The authors argue that we have similar expectations for these two matrices1.
- For $\mathbf U$, we hope that semantically similar tokens share similar token embeddings
- For $\mathbf V$, we hope that the score of tokens that are interchangeable to be similar.
In addition, the $\mathbf U$ and $\mathbf V$ have the same size.
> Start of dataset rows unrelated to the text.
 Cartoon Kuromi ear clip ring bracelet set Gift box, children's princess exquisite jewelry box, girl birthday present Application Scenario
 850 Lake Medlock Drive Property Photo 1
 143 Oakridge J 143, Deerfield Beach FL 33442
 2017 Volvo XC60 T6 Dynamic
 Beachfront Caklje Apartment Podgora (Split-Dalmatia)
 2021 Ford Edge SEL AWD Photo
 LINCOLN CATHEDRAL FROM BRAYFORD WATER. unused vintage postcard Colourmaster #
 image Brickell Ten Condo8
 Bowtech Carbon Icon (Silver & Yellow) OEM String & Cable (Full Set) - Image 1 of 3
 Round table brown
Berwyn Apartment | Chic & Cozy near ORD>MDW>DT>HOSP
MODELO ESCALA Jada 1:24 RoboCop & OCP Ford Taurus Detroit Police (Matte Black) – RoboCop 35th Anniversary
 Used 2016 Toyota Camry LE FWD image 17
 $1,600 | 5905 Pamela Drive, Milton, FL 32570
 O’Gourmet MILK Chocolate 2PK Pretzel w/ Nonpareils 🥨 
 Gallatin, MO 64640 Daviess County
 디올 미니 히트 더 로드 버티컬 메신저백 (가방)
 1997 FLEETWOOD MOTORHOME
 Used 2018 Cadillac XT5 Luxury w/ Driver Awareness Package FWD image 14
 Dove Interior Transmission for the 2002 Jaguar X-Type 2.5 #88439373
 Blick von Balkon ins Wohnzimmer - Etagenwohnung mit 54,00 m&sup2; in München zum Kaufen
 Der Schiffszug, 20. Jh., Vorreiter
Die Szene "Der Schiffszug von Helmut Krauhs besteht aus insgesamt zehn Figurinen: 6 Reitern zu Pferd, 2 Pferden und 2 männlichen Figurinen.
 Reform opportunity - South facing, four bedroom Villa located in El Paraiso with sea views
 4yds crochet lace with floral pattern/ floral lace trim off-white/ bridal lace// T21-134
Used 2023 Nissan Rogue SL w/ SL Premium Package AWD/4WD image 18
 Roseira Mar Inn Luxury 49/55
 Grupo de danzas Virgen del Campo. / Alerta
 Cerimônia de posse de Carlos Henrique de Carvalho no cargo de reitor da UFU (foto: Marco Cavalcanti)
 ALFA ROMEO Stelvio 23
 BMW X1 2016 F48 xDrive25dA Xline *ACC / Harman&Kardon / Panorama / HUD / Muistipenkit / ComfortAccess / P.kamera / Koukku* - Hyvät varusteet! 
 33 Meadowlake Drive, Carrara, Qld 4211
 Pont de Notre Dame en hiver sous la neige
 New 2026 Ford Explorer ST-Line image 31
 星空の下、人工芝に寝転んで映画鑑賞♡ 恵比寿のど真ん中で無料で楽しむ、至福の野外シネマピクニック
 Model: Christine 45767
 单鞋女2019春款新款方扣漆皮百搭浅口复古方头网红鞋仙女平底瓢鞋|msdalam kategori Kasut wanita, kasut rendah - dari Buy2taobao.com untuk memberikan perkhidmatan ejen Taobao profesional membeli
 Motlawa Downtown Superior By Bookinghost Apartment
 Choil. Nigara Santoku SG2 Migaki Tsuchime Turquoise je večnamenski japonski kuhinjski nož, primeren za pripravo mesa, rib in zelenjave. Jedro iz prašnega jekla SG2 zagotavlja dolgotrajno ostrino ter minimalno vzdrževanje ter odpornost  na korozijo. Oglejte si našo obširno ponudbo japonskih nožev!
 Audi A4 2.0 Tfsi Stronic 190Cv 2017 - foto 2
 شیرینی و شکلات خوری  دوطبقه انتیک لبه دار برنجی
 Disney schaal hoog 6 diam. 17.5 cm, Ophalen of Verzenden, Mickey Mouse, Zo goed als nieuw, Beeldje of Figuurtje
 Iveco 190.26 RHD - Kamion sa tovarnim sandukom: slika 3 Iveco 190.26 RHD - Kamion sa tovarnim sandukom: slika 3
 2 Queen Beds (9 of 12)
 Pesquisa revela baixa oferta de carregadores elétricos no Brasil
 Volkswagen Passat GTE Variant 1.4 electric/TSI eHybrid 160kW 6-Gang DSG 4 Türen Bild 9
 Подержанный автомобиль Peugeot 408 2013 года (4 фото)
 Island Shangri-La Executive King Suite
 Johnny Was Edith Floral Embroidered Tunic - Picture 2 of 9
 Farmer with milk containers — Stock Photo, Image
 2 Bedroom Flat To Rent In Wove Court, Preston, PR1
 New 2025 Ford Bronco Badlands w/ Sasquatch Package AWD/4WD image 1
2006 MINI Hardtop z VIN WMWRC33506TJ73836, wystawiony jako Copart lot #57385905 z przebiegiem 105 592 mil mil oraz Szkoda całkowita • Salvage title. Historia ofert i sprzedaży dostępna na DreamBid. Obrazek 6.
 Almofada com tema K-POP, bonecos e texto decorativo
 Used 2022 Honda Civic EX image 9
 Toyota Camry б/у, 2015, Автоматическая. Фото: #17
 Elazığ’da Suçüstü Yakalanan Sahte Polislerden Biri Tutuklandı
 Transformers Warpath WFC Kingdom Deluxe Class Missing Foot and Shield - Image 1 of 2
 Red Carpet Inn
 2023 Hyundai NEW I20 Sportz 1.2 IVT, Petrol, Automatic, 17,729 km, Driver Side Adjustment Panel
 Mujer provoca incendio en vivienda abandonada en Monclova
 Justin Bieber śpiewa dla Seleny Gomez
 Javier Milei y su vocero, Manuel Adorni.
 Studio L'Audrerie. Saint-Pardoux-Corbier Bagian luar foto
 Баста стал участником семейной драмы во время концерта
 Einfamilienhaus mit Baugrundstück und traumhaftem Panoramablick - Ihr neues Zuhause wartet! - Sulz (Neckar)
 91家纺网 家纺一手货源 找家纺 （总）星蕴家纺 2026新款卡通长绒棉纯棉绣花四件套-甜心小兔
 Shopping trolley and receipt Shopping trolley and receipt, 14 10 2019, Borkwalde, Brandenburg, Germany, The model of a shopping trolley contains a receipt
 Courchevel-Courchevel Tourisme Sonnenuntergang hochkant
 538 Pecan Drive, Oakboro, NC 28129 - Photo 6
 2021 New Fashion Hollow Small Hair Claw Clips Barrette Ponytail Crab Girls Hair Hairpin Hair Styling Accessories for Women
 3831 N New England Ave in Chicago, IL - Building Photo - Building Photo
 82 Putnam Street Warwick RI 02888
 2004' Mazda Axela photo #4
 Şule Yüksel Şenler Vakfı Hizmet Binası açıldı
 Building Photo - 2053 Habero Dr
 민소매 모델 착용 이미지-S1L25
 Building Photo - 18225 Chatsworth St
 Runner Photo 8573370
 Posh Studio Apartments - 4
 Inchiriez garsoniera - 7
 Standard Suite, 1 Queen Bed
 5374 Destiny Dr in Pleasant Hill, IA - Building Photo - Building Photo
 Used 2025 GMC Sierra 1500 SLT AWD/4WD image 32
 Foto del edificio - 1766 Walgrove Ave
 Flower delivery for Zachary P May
This raises an intuitive question: can we share the same weight matrix for the input embedding and output embedding?
The answer is yes, and you can find details of the authors’ experiments here2
The implementation of weight tying
In PyTorch, the $\mathbf U$ is implemented as the nn.Embedding
layer, and the $\mathbf V$ is implemented as the nn.Linear
layer:
in_features, hidden_dim = 3, 4
U = nn.Embedding(in_features, hidden_dim)
V = nn.Linear(hidden_dim, in_features, bias=False)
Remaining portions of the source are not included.